Theoretical study on hydrophilicity and thermodynamic properties of polyfluorinated dibenzofurans

Logarithm values of octanol–water partition coefficients (log Kow) of polyfluorinated dibenzofurans (PFDFs) were calculated based on group contributions, and their thermodynamic properties in the ideal gas state at 298.15 K and 1.013 × 105 Pa were calculated using a combination of quantum mechanical computations performed with the Gaussian 03 program at the B3LYP/6-311G* level. The isodesmic reactions were designed to calculate standard enthalpy of formation (ΔHfθ) and standard free energy of formation (ΔGfθ) of PFDF congeners.
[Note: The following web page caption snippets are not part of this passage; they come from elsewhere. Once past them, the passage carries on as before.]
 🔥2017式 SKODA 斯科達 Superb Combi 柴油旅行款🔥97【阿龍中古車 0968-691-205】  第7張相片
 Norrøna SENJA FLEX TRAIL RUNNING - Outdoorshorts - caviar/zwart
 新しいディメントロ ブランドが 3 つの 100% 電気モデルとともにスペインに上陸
By establishing relationships between these properties (including log Kow, standard state entropy Sθ, ΔHfθ,ΔGfθ) and the number and position of fluorine atom substituents (NPFS), it was found that the fluorine substitution pattern strongly influences all of these properties of the compounds. The relation curve of log Kow values varying with the fluorine substitution pattern presented a three-level sawtooth shape. Intramolecular repulsive forces exist between an oxygen-adjacent fluorine atom on phenyl ring and the oxygen of dibenzofuran, between ortho  -substituted fluorine atoms on a phenyl ring, and between two adjacent fluorine atoms on different phenyl rings. Their repulsion energies were ascertained by comparing ΔGfθ values to be approximately 14 kJ mol−1–17 kJ mol−1, 18 kJ mol−1–22 kJ mol−1 and 7 kJ mol−1–9 kJ mol−1, respectively. According to the relative magnitude of their ΔGfθ, the relative stability order of PFDF congeners was theoretically proposed.
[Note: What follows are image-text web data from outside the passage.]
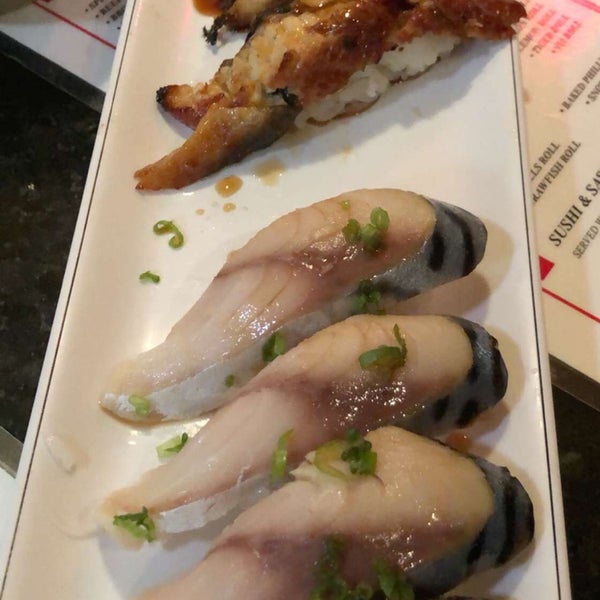 Foto tomada en Nomura Sushi  por Erin A. el 9/7/2019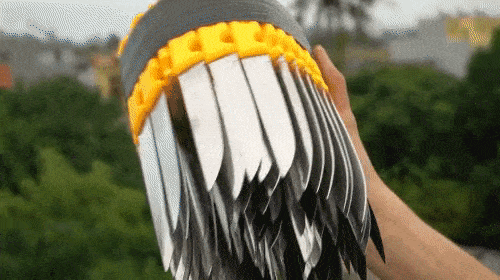 Vlogger đình đám giới trẻ Việt làm người xem tranh cãi khi thực hiện thử thách thả 100 con dao từ trên cao xuống đất-2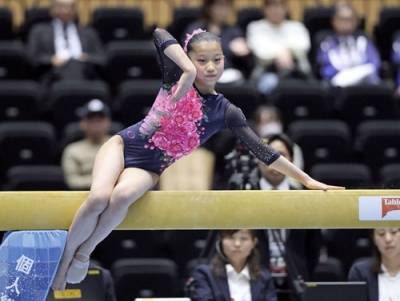 写真：全日本選手権で平均台の演技をする南埜佑芽＝４月、高崎アリーナ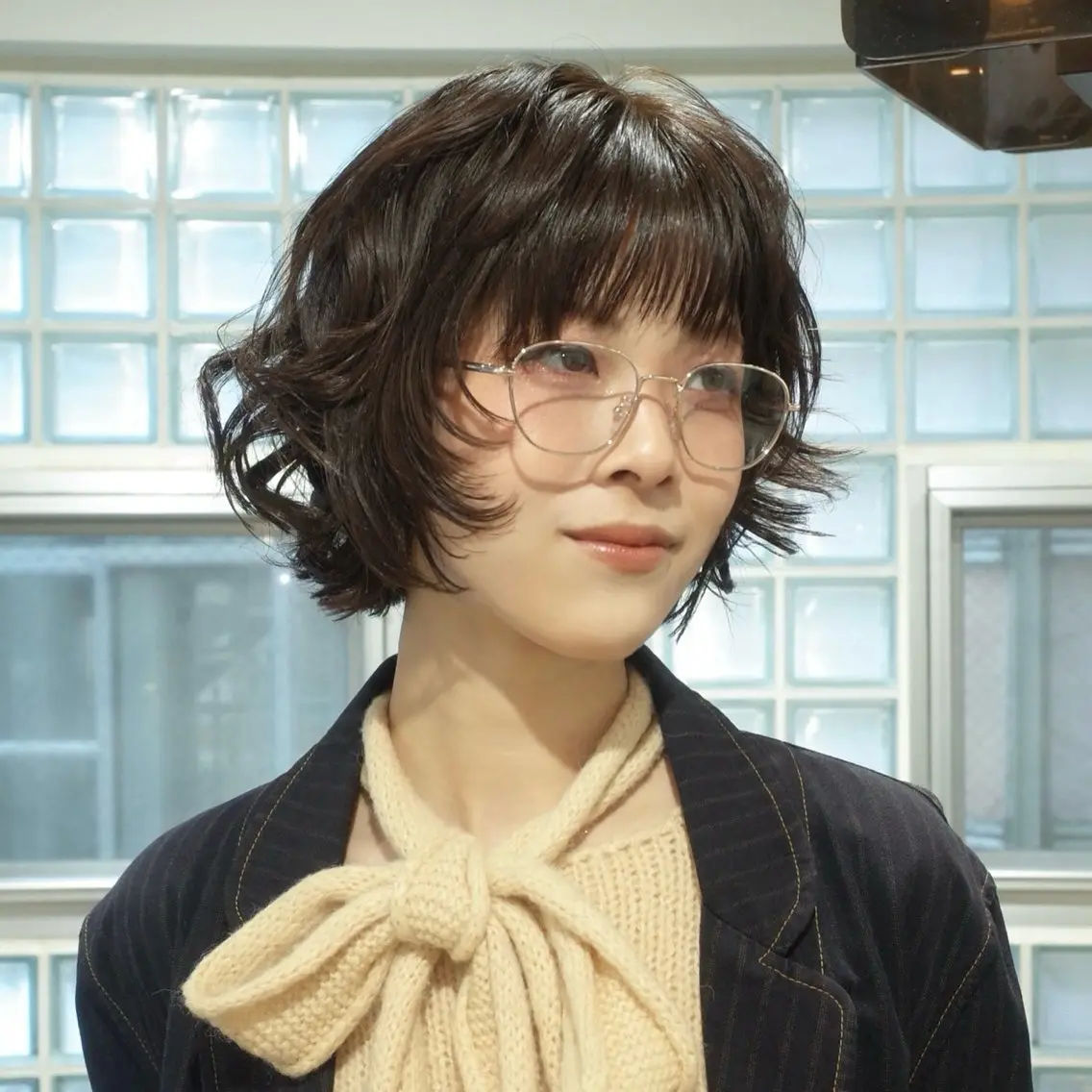 ショート ヘアアレンジ 顔周りカット ヘアセット 表参道 /ハイトーン SAKIのヘアスタイル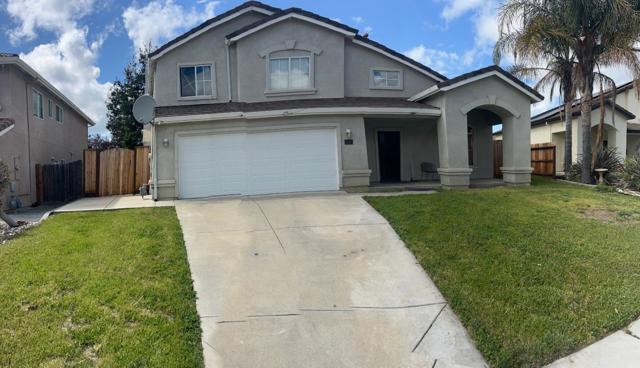 2260 Ventana Court, Hollister CA: https://media.crmls.org/mediaz/27ab1c2f-5c43-4dc5-8391-c81926e2a753.jpg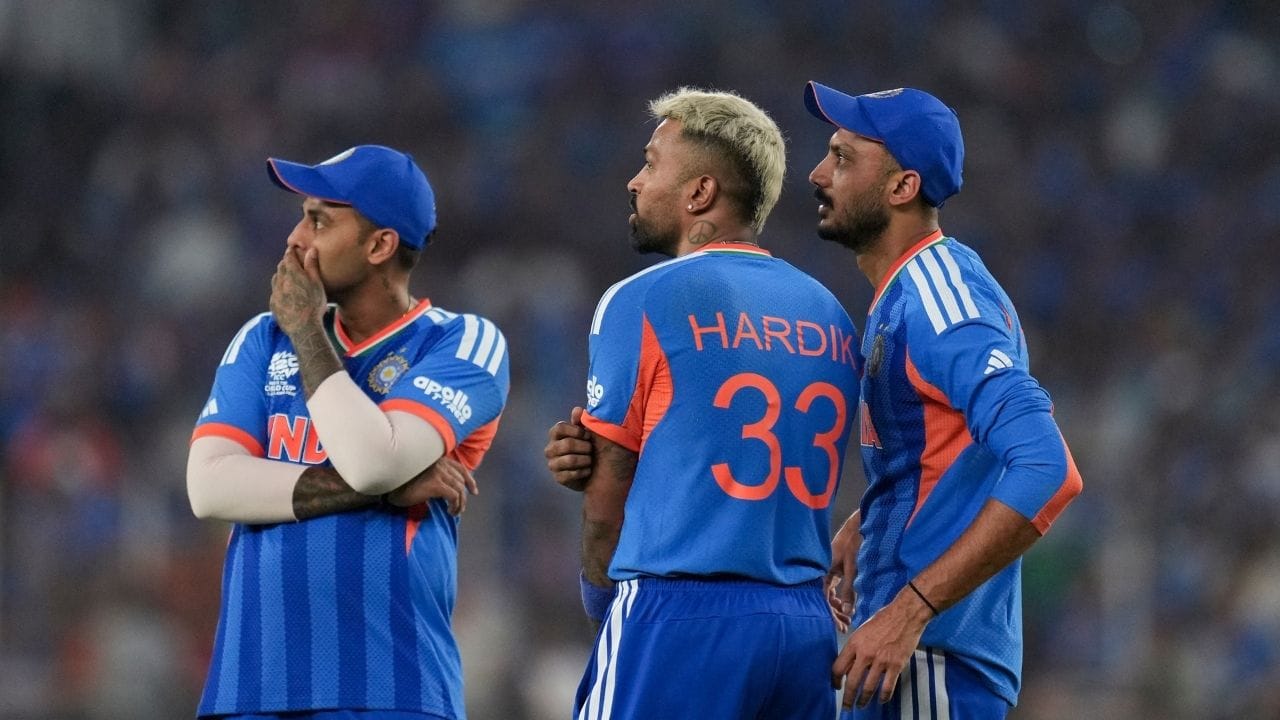 2007, 2024, 2026 એમ ત્રણ વર્લ્ડ કપ જીતવાનો રેકોર્ડ અત્યાર સુધી માત્ર ઓસ્ટ્રેલિયાએ જ બનાવ્યો છે. ઓસ્ટ્રેલિયાએ 1999, 2003 અને 2007માં ત્રણ ODI વર્લ્ડ કપ જીતીને વિશ્વ ક્રિકેટમાં અનોખું સ્થાન મેળવ્યું હતું. પરંતુ T20 ફોર્મેટમાં હજી સુધી કોઈ ટીમે આવી સિદ્ધિ મેળવી નથી.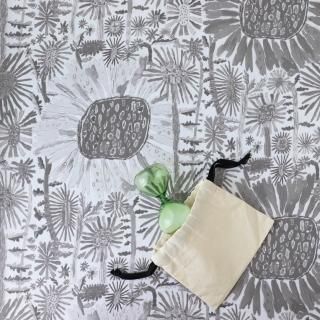 8月のひまわり（オレンジ）ひまわり・花柄- 布・生地の通販サイト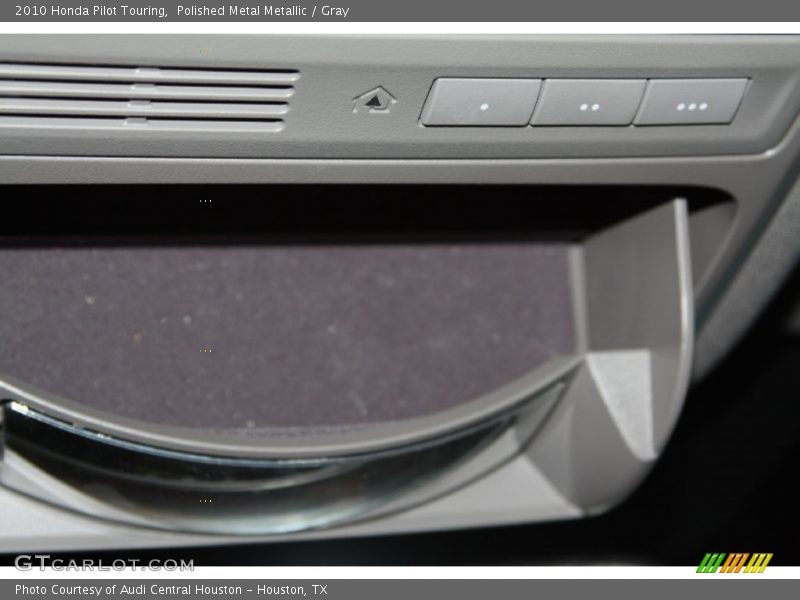 Polished Metal Metallic / Gray 2010 Honda Pilot Touring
► We obtained a complete database of log Kow and thermodynamic properties of PFDFs.
► Good relations exist between the properties and the substitution pattern.
► Three-level sawtooth shape of log Kow with the substitution pattern is presented.
► We compared PFDFs and their chlorinated, brominated analogs on the correlations.
► The relative stability order of PFDFs was theoretically proposed.